# Data records:
-- Opening Marker --
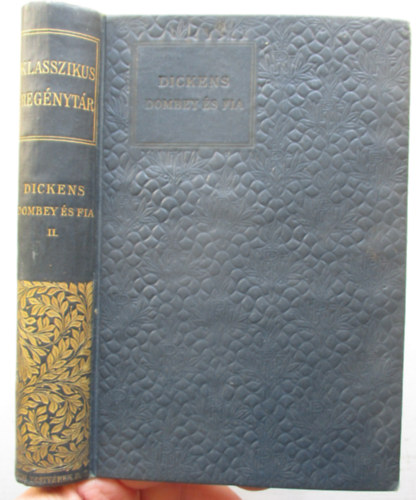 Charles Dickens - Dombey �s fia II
-- Closing Marker --
-- Opening Marker --
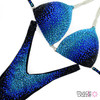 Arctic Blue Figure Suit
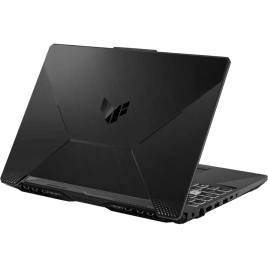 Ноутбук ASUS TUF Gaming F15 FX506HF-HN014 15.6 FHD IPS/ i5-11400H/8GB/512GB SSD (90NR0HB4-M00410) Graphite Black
-- Closing Marker --
-- Opening Marker --
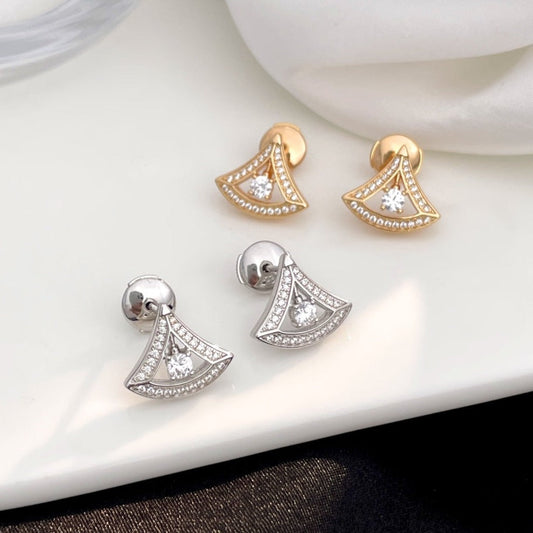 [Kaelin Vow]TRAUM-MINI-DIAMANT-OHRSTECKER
-- Closing Marker --
# Task details:
Within the entries above, the lines from the one containing "Arctic Blue Figure Suit" through the one containing "Ноутбук ASUS TUF" are to be transcribed exactly, ends included, pictures excluded.

# Exercise solution:
 Arctic Blue Figure Suit
 Ноутбук ASUS TUF Gaming F15 FX506HF-HN014 15.6 FHD IPS/ i5-11400H/8GB/512GB SSD (90NR0HB4-M00410) Graphite Black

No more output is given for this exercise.